News

DOE Sequestration Project First in U.S. to Reach 1 Million Ton Carbon Injection Milestone

A federally sponsored large-scale project in Mississippi has become the first in the nation to inject more than 1 million tons of carbon dioxide in an underground formation, the Department of Energy (DOE) announced last week. Only four other projects—in Norway, Canada, and Algeria—have reached the milestone.

The project, sponsored by the DOE’s Office of Fossil Energy, is located at the Cranfield site in southwestern Mississippi. It is led by the Southeast Regional Carbon Sequestration Partnership, one of seven members of the Regional Carbon Sequestration Partnerships Program managed by the Office of Fossil Energy’s National Energy Technology Laboratory. The Cranfield site is operated by Texas-based Denbury Resources Inc., the project’s host.

The Cranfield project combines the use of CO2 injection with enhanced oil recovery (EOR), followed by CO2 injection into deeper and larger-volume brine, or saline, formations. In the EOR process, injected CO2 is used to help increase the amount of crude oil that can be extracted from otherwise depleted or hard-to-reach petroleum formations.

At Cranfield, researchers are using sophisticated instrumentation installed nearly two miles beneath the surface to monitor the injected CO2 and ensure its safe and permanent storage into the Lower Tuscaloosa Formation, the DOE said in a statement last week. This formation is considered representative of the high-quality CO2 storage options available throughout the U.S. Gulf Coast region.
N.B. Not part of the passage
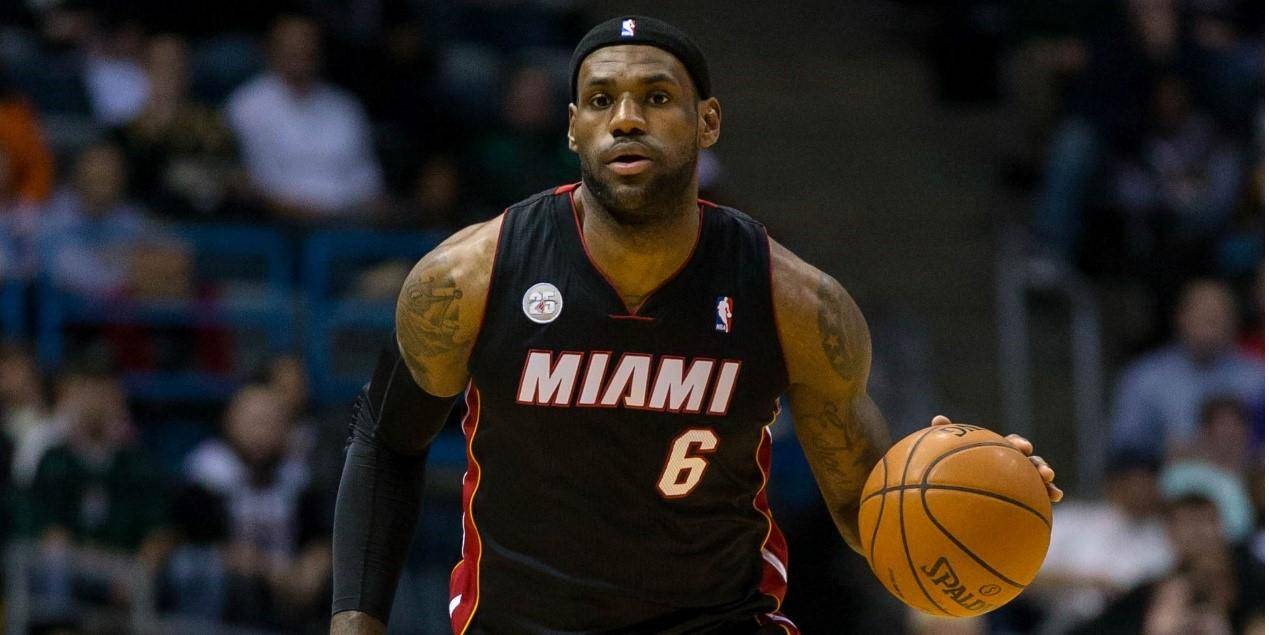 九游娱乐体验-刷新纪录首场状态出色，热火观众沸腾！，詹姆斯重返赛场再创辉煌时刻的简单介绍-九游娱乐体验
A major accomplishment of the Cranfield project has been successful deployment of “in-zone” (in the injection zone) and "above zone" (above the injection zone) pressure-response monitoring techniques. Real-time data collected since July 2008 has demonstrated these techniques are cost-effective methods for CO2 monitoring, verification, and accounting that can be deployed in other CO2 storage projects nationwide.
Only four other large-scale projects in the world have reached this milestone:

•    Sleipner and Snøhvit (Norway)—CO2 stripped from recovered natural gas is injected into separate saline formations below the seabed in the North Sea (Sleipner) and Barents Sea (Snøhvit).
•    Weyburn-Midale (Canada)—CO2 from the Dakota Gasification Company in Beulah, N.D., is piped to southeastern Saskatchewan, where it is injected and stored in conjunction with commercial enhanced oil recovery.
•    In Salah (Algeria)—CO2 from recovered natural gas is re-injected into the downdip portion of the sandstone reservoir that produces the natural gas.